The week after Thanksgiving looks even better. So is hopping in before Thanksgiving and doing a mid-week to mid-week an option? Getting a dining reservation will be a different matter, though.


----------



## Talent312 (Oct 28, 2017)

As someone who's been many times before (live 2hrs away), I can say:

Insane? Yes... TG week is notoriously bad.
But you'll be in good company with hordes of equally insane peep (a/k/a unwashed masses).
IMHO, a better plan would be to visit the week after, on weekdays.

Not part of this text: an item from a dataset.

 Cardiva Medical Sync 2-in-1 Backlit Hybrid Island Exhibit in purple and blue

See: http://www.dadsguidetowdw.com/disney-world-crowd-calendars-2018.html

.


----------



## VegasBella (Oct 28, 2017)

We went last year during what schedules said was the least crowded week of the year - first week of December. But I’d really rather not pull our son out of school much so that’s why I was considering Thanksgiving. I can’t handle Summer heat so that’s out. Winter break is out now too for other reasons. 

I’m really good with the fast pass thing so that’s no problem - I’ll plan and schedule 

We are thinking we’d visit the Kennedy Space Center again as well. And actually enjoy the resort for a day too, which we didn’t do last time. 

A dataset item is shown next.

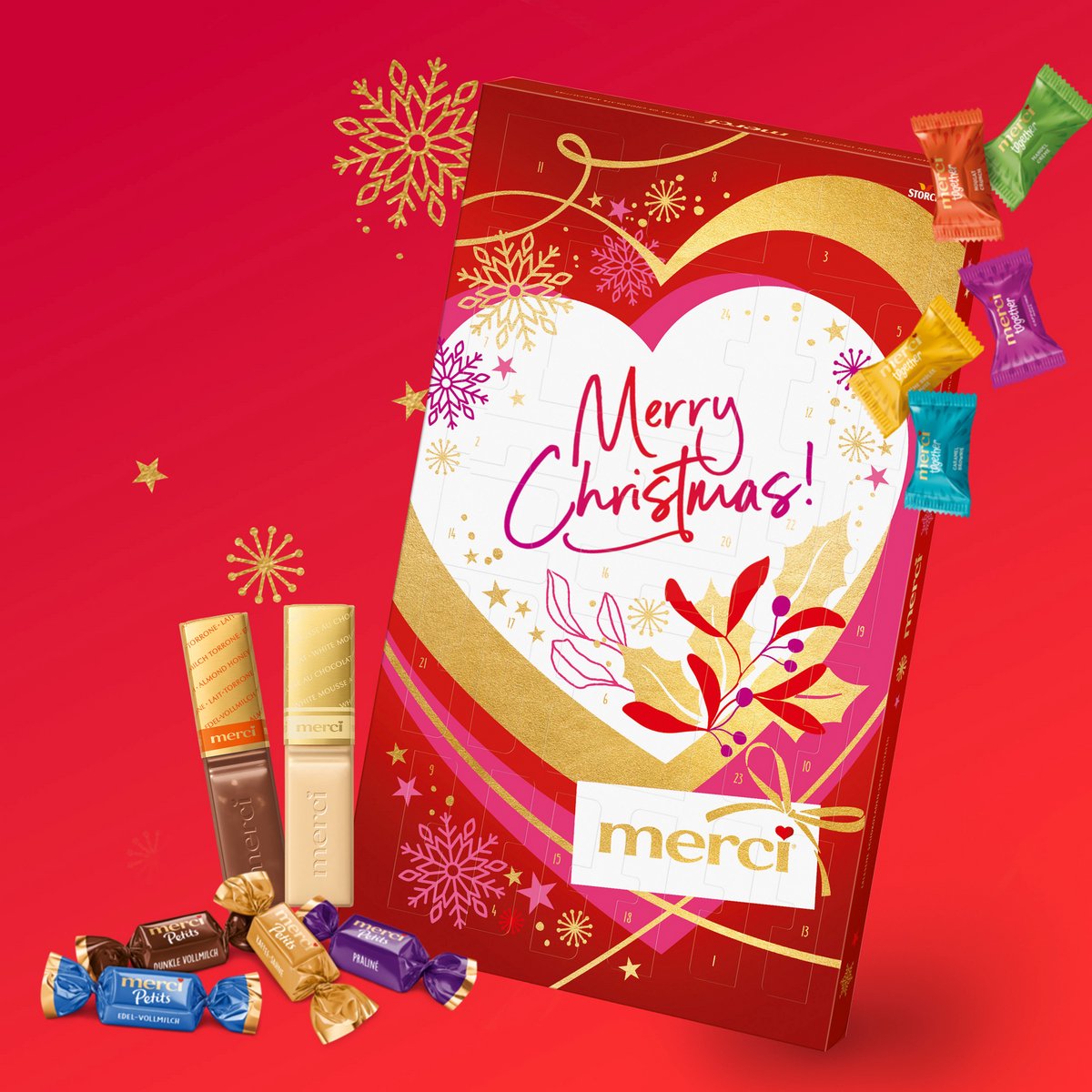 Merci Adventskalender – Chocolade - Verrassing: 2 designs - Adventkalender - Cadeau - 2025 - Kerst - Sint – foto 3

Sent from my iPhone using Tapatalk


----------



## Luanne (Oct 28, 2017)

Worst crowds I ever saw, this was at Disneyland, were the day after Thanksgiving.


----------



## VegasBella (Oct 30, 2017)

Well I went ahead and booked it. Hoping we can do it. We booked a room at Hilton Grand Vacations Club At Tuscany Village for Thanksgiving 2018. 
I think my plan is to do Disney on Mon-Wed and do other local stuff the other days. And this time enjoy the resort for one day too, which we didn't do last time at Bluegreen Fountains.
Anyone know, will the pools be heated then?


----------



## silentg (Oct 30, 2017)

bendadin said:


> The week before Thanksgiving is absolutely fabulous and I would certainly choose that option instead of Thanksgiving. It is tucked between Jersey Week and Thanksgiving. Out of my 10 WDW trips in the past two years, that week was the absolute best for crowds and weather.
> 
> Touring Plans for November 13-19: 5, 4, 5, 3, 4, 6, 7.
> November 20-26: 9, 9, 10, 8, 9, 8, 6.
> ...


Go to MyDisney.com, you can make reservations now for fast passes and dining.Good Luck.


----------



## Sea Six (Oct 30, 2017)

silentg said:


> Go to MyDisney.com, you can make reservations now for fast passes and dining.Good Luck.

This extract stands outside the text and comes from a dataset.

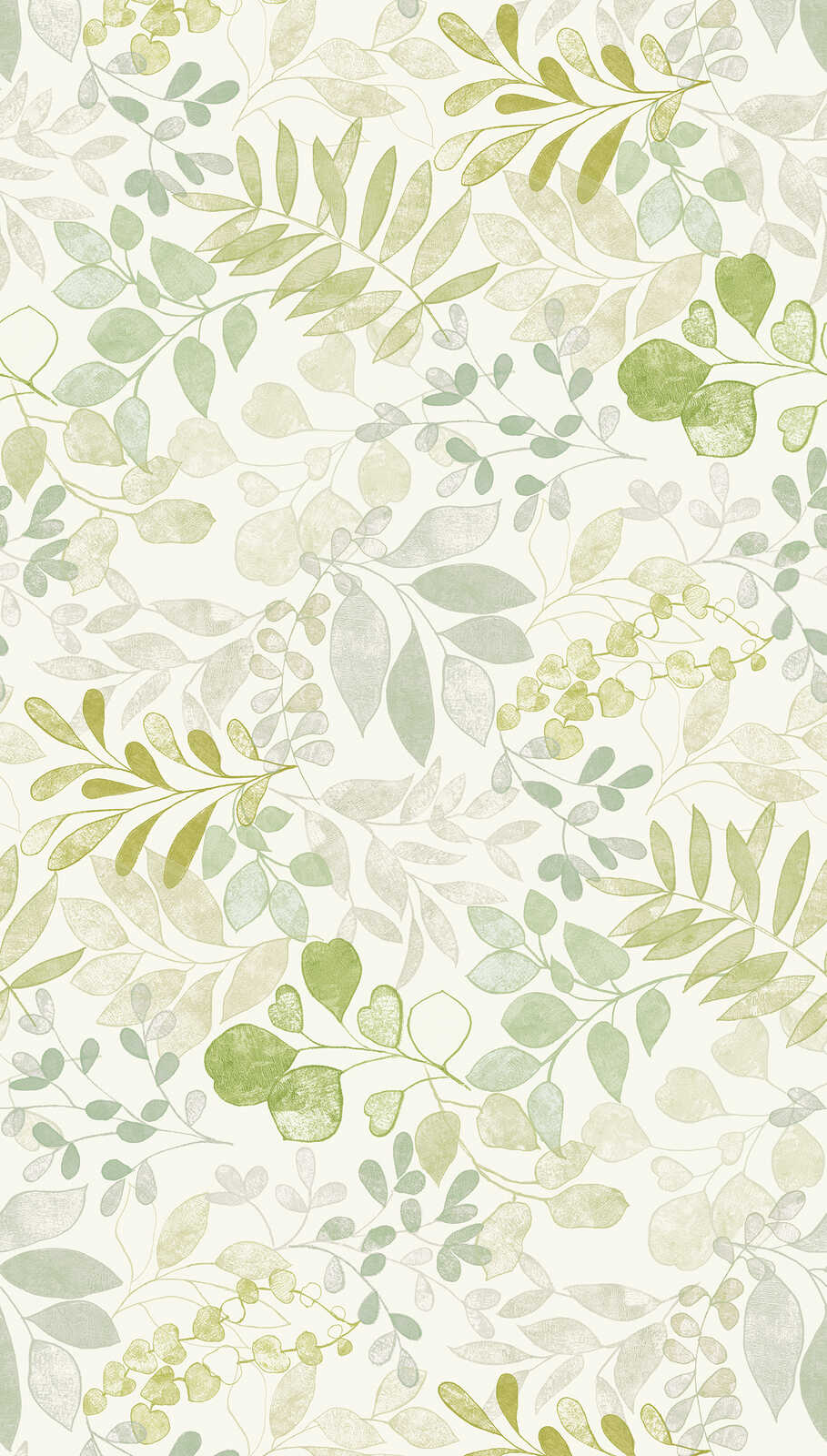             papier peint en papier à motifs XXL avec motif floral aquarelle - crème, vert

Not for 2018.  Dining starts at 6 months out, FastPass at 30 days unless you are at a Disney Resort, which they are not.


----------



## Talent312 (Oct 30, 2017)

I have FP's for next week: Wed at Epcot... Thur at MK... Fri at AK.
Today, DW says let's do AK another time (we have annual passes).
What? And give up those FP's? Too bad I can't sell them.


----------



## VegasBella (Oct 31, 2017)

Yes, we want to go 2018. I don't want to travel soon. We have an elderly cat who has been hanging onto life since the Summer, exceeding expectations. But we can't leave him now, nor can I euthanize him just to travel.


----------



## silentg (Oct 31, 2017)

Disney will be here. Enjoy your time with your cat..


----------



## Saintsfanfl (Nov 2, 2017)

Florida schools are all out Thanksgiving week and there are no blackout days during that time for the cheap Florida resident annual passes. This makes for quite a few Florida locals at the parks that week. Still not horrible though.


----------



## pedro47 (Nov 2, 2017)

Thanksgiving for us was the best time to visit WDW; crowds counts were lower and that Florida humidity was lower.
Please just enjoy your vacation at WDW.


----------



## Inhislove (Nov 3, 2017)

We did the resort day on Thanksgiving itself in 2014 and had a great day after at the Magic Kingdom, compared with friends who basically missed their Thanksgiving dinner due to crowds! We have eaten holiday meals several times at Port Orleans- around $15 for a plate of traditional goodies including dessert and without the crowds at lunch time.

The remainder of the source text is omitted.